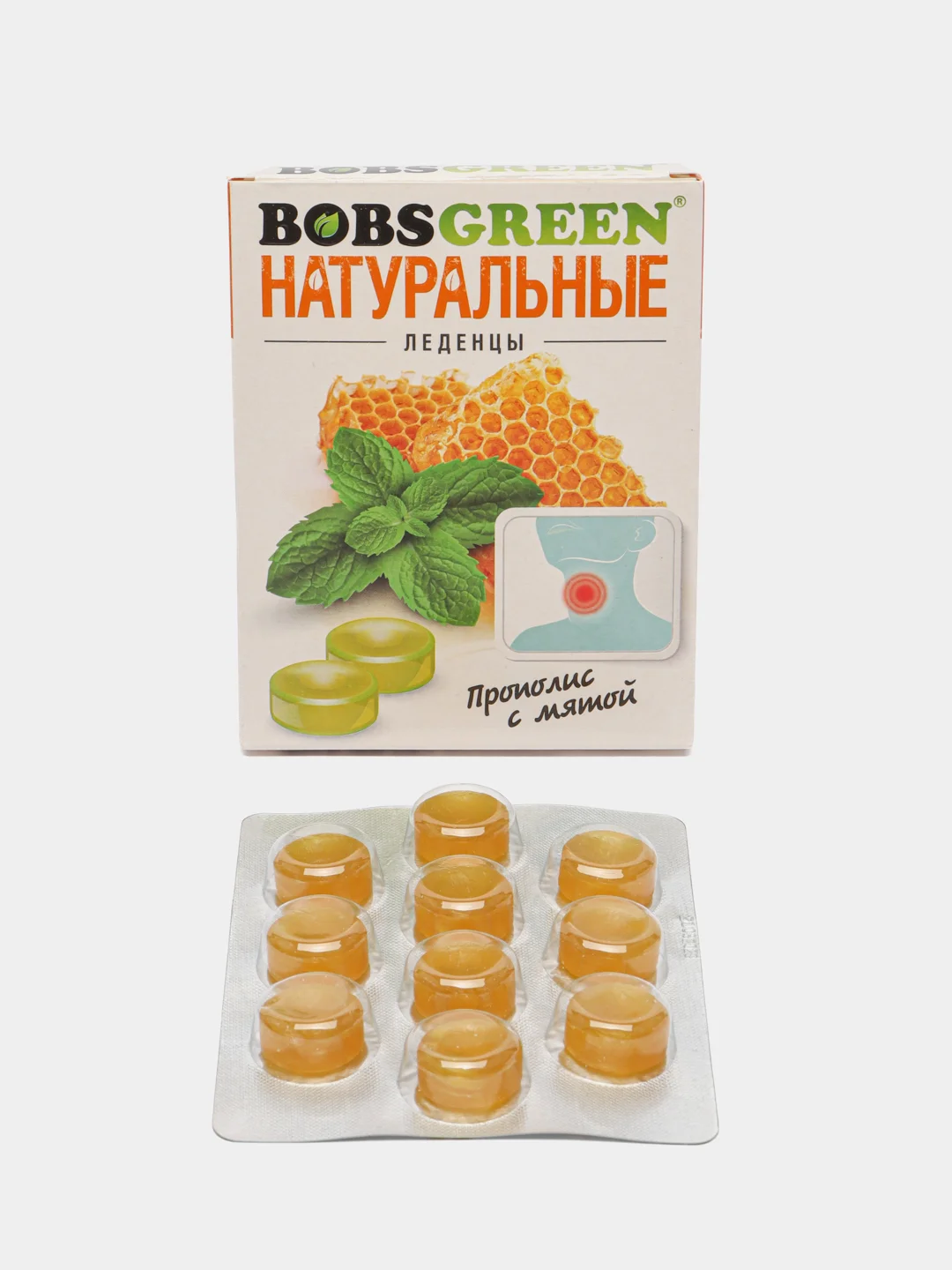 Карамель леденцовая натуральная со вкусом прополиса с мятой Bobsgreen, 32 г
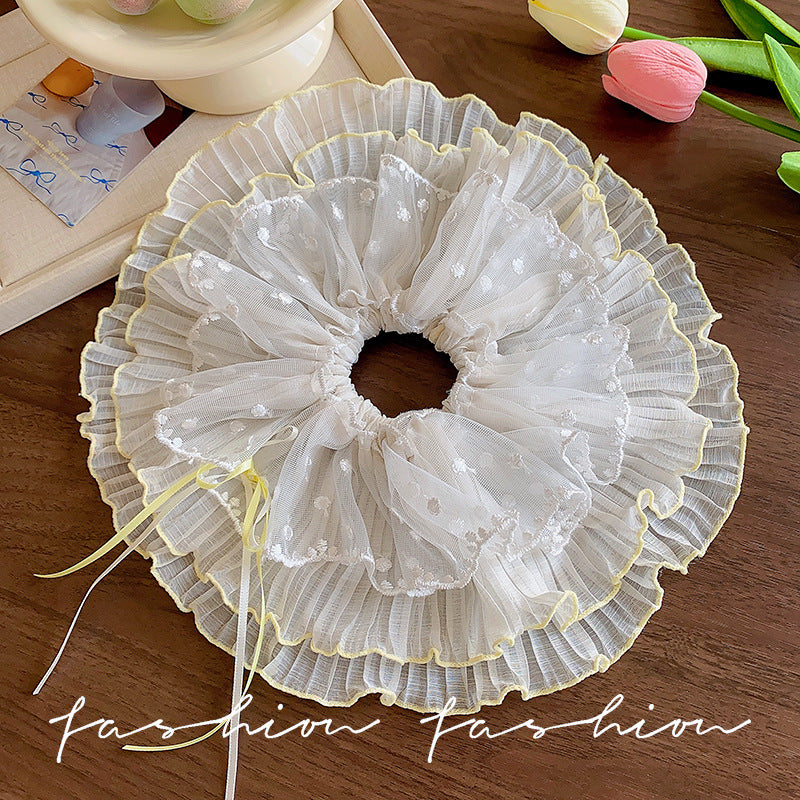 Mesh bow lace large intestine hair tie female french gentle hair rope hair tie large headwear spring fairy style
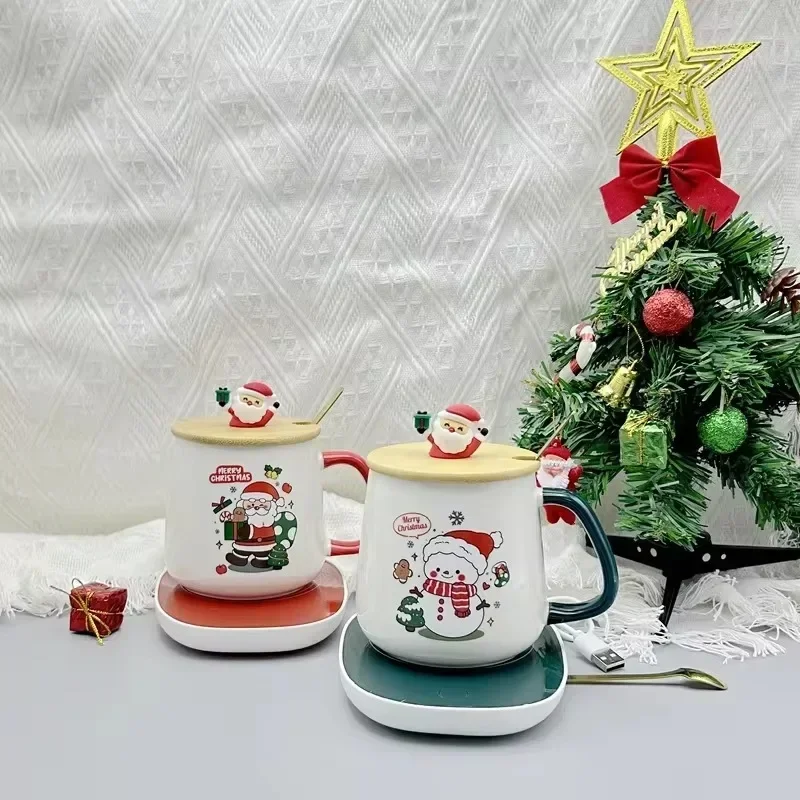 2024 New High-quality Constant Temperature Christmas Gift Warm Cup Warm Milk Coffee Cup Santa Claus Ceramic Mug Gift Box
- - -
PROBLEM DETAILS |
Reproduce the whole listing above character for character; pictures do not belong in it.

RESULT OF THE EXERCISE |
 Карамель леденцовая натуральная со вкусом прополиса с мятой Bobsgreen, 32 г
 Mesh bow lace large intestine hair tie female french gentle hair rope hair tie large headwear spring fairy style
 2024 New High-quality Constant Temperature Christmas Gift Warm Cup Warm Milk Coffee Cup Santa Claus Ceramic Mug Gift Box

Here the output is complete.